All there is to sip and savor in New Orleans


Mario Alberto Magallanas Trejo

You have never in your lifetime, and this is no doubt true going back many, many generations, ever had a wine that was only one grape from one section of one vineyard.

I, of course, have no psychic powers, and, honest, have not been keeping track of what you’ve been drinking, but I feel quite safe in making that statement. And as for me feeling safe making any statement, that’s about the end of it.

Wines, even wines labeled cabernet sauvignon, or merlot, or sauvignon blanc, are always blends. Sometimes wines are blends of several grapes. And less frequently, wines are blends of the same grape from different plots within a vineyard.

But wines are always blends at some level or another.

Let’s take, as an example, a wine labeled cabernet sauvignon, from the Oakville region of Napa Valley in California, and noted that it came from the To Kalon Vineyard, a very famous place.

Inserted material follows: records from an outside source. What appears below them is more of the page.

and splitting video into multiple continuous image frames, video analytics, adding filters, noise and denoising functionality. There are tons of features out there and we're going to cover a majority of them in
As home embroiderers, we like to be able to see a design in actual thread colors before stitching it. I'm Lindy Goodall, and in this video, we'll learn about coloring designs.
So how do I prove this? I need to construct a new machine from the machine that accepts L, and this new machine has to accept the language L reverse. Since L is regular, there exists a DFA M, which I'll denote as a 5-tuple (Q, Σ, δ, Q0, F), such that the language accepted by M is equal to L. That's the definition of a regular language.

In order to state that on the label, the wine has to contain at least 85% of those grapes from that place. That leaves a full 15% of something else that can be put in that bottle, labeled that way, and still be able to call itself by the designation, cabernet sauvignon, To Kalon Vineyard.

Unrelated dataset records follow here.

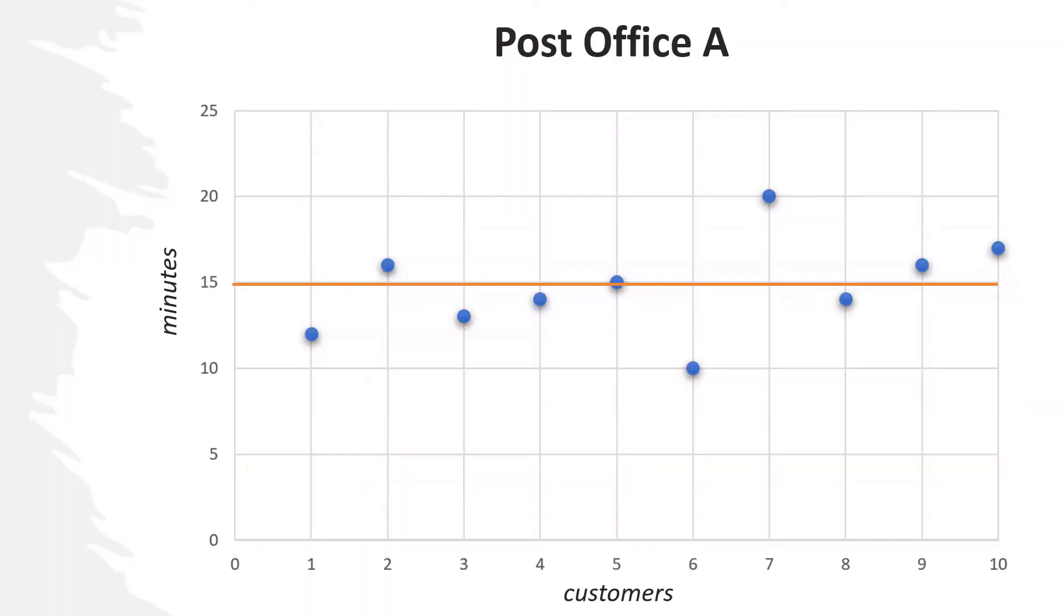Let's now visualize the concept. In this first graph, I'm showing you the individual waiting times, which are represented by the dots, and how they compare with respect to their average, which is the straight line you can see here. This is for Post Office A, and as you can see, they are pretty close.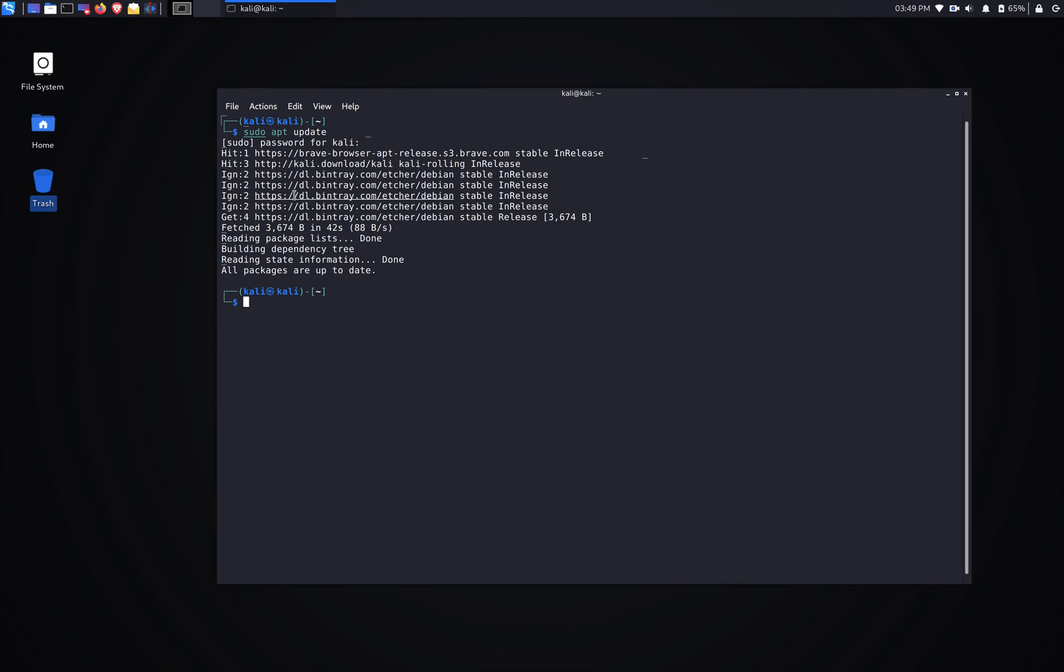Alright, and next one we're gonna do sudo apt upgrade.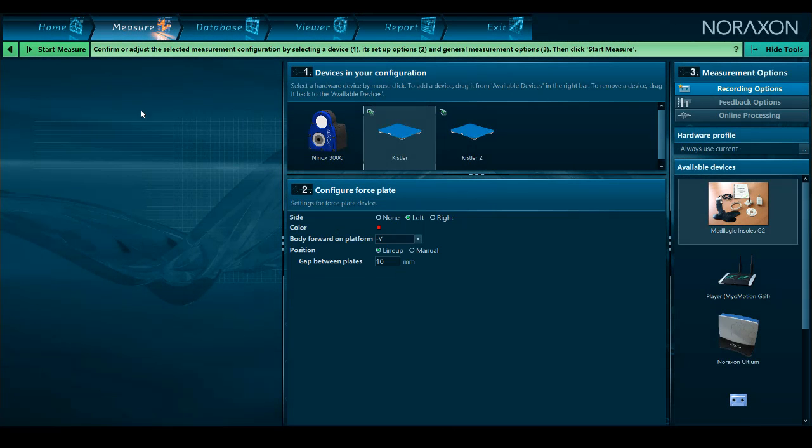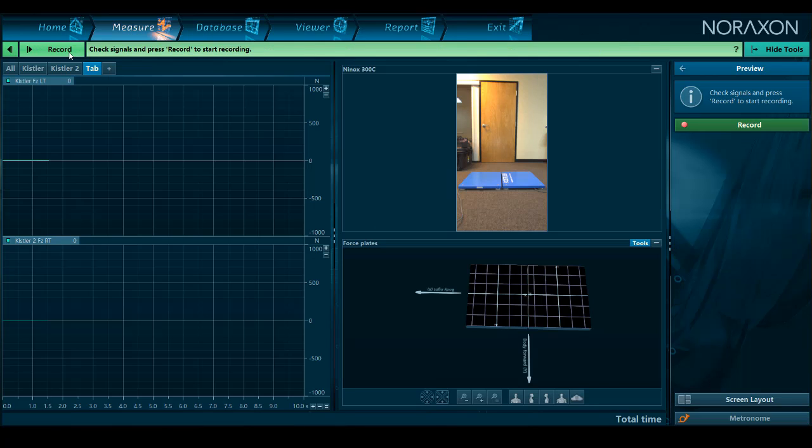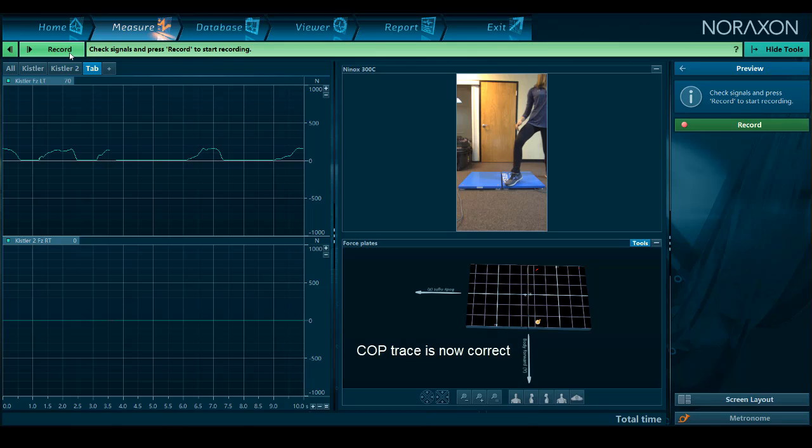After changing the body orientation from the configuration, enter the measurement window again to check the accuracy. You should only need to set up the COP tracing once for a configuration, unless you intend to move the force plates to a different location. You can use the same directions and values.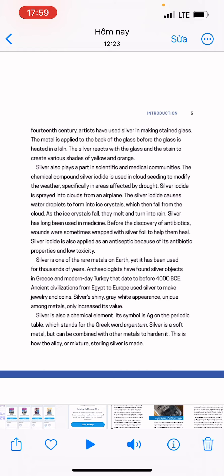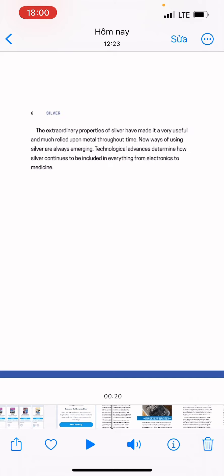Silver is one of the rare metals on Earth, yet it has been used for thousands of years. Archaeologists have found silver objects in Greece and modern-day Turkey that date to before 400 BCE. Ancient civilizations from Egypt to Europe used silver to make jewelry and coins. Silver's shiny, grey-white appearance, unique among metals, only increased its value. Silver is also a chemical element; its symbol is Ag on the periodic table, which stands for the Latin word argentum. Silver is a soft metal but can be combined with other metals to harden it — this is how the alloy, or mixture, sterling silver is made.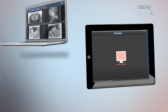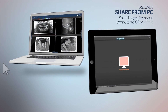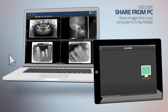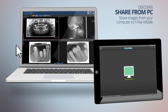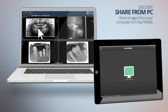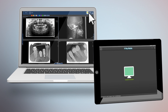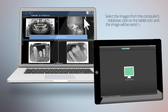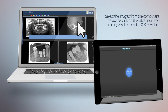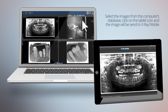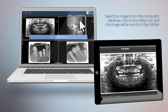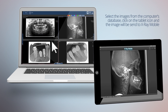Share images from your computer to X-Ray Mobile. Select the images from the computer's database, click on the tablet icon, and the image will be sent to X-Ray Mobile.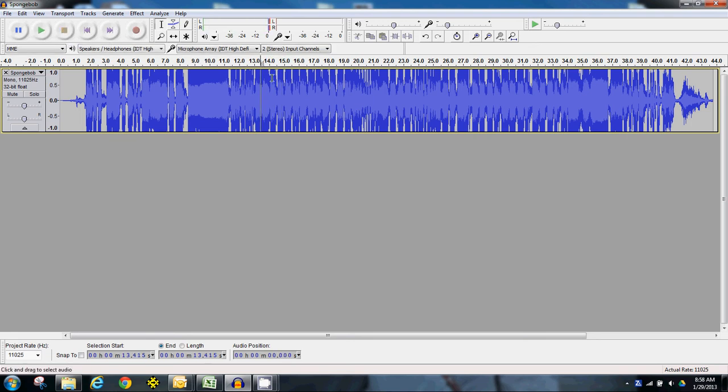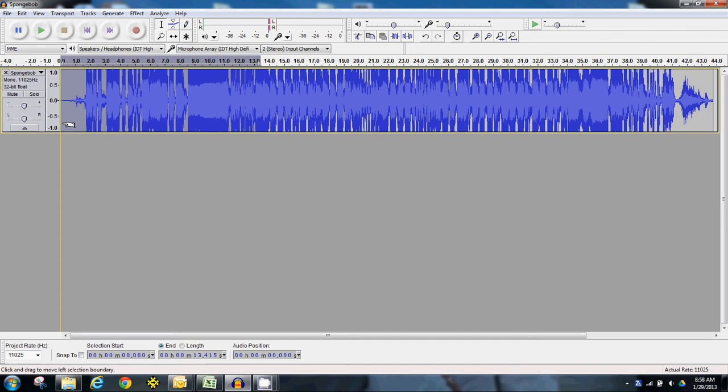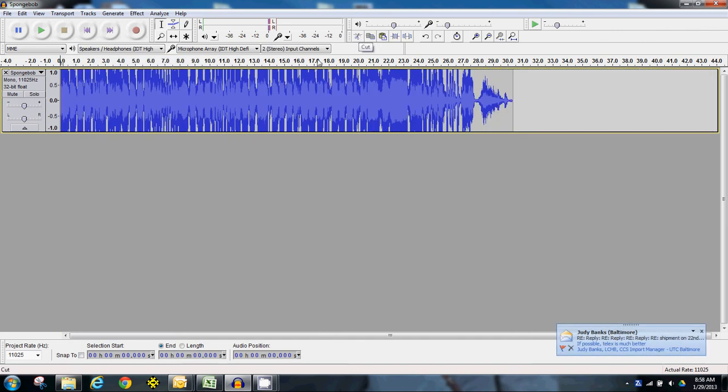SpongeBob SquarePants! All right, for right now, let's say that that is good enough. I'm going to go and click. I'm clicking and holding down the left mouse button, highlighting all of that. And I think that this is cut right up here. So we cut that out.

This federal regulation gives the winemaker the opportunity to improve on the wine and to add other grapes, or maybe the same grape from other places, to bring more body, texture, aromas, whatever he/she thinks the wine needs to make it a truly memorable beverage. And the winemaker has not compromised the wine’s heritage, according to law. 

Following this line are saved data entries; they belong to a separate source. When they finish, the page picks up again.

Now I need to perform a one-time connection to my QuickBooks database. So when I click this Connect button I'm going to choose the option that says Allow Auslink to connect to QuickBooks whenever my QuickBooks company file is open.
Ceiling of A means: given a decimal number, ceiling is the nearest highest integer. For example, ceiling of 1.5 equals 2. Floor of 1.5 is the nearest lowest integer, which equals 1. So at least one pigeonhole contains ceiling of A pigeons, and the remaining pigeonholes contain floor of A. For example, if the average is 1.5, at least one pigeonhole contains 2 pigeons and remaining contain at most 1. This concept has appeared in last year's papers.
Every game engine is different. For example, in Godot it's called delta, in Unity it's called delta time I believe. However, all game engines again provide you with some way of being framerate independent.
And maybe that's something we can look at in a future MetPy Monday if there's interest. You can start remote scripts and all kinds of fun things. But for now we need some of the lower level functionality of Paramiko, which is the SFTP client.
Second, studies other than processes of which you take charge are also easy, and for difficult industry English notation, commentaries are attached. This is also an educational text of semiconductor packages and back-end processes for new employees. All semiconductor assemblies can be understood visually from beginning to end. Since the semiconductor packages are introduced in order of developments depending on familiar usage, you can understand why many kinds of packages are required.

Yet, even within the To Kalon vineyard, a winemaker and a vineyard manager will keep separate the grapes that come from different parcels within the vineyard. They are sometimes picked at different times due to different ripening. They may be different from their neighboring plot due to different canopy management, which is the way the grape leaves are trimmed during the growing season to allow more or less sun time on the fruit. They may be different because of the way a weather pattern, such as a cold snap, moved across the vineyard. The soils may be slightly different, or the elevations varied, giving the fruit that characteristic from that particular place. And the grapes may even be different because the picking crew could not finish the work at a desired time and the fruit hung out there just a day or two longer than the winemaker would like.

The point is that different places within the same vineyard provide different outcomes.

It is the job of the winemaker to put together in the bottle the best possible product, and that takes using wines that came from grapes that were just….different when they arrived in the winery, so they were all kept and fermented with their own from the same place.

That, in the narrowest context, is still a blend, even though it is the same grape from essentially the same place.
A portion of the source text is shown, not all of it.